There are essentially two ways by which a depressed neighborhood may be physically improved. The first is the way to which we have become accustomed: people with wealth acquired elsewhere move into a neighborhood and fix it up. Stockbrokers and lawyers who make their living in Manhattan buy fixer-uppers in depressed areas of Brooklyn and Harlem. Wealthy high-tech workers from Google and Yahoo buy condos and buildings in overlooked neighborhoods of San Francisco, twenty-five miles north of their work, and motivate their improvement. State government workers in Albany purchase and renovate inexpensive housing in Hudson, while continuing to commute to work in the state capital. Or as has become perhaps more common in Hudson, wealthy Manhattanites purchase and renovate second homes here, and turn them into vacation outposts while conducting the bulk of their lives elsewhere.

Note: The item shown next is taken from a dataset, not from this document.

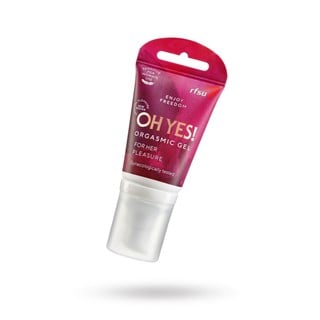 Sense Me Oh Yes Gel 40 Ml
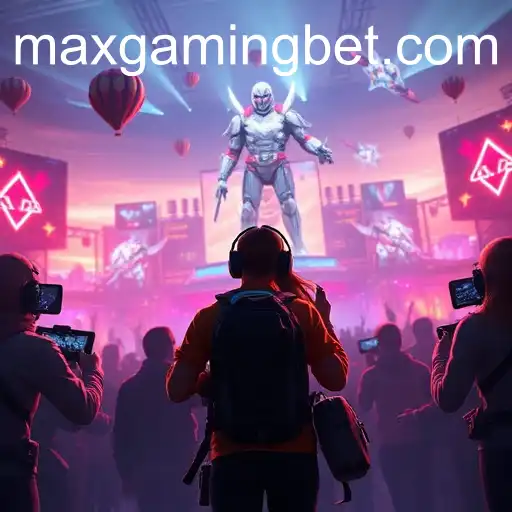 MAXGaming: Shaping Future Interactive Entertainment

The second way a neighborhood is improved is when the people already there experience improved financial fortune, and in turn fix up their homes and business establishments. Of the two models, I believe this is the more genuine one, even if its physical results are indistinguishable (by some) from the first. The first model, which I call an objective model of urban improvement, is directed at the physical repair of a place, while the second, subjective model seeks to motivate the physical repair of a place as a byproduct of cultural repair.

Hudsonians who are satisfied with the first model are being very short sighted about our city, about the urban problem generally, and about the causes of and cures for America's cultural ills. They don't understand that, comparatively speaking, one isn't repairing much of significance if all he repairs is a building. They don't understand that the embedded problems of a culture are not being addressed when struggling people are forced out of a neighborhood and out of a city just so its buildings can be renovated. All this does is put Hudson on the winning side of a zero-sum game. But so what? these folks seem to think; that is a problem for Troy or Albany or Schenectady to figure out.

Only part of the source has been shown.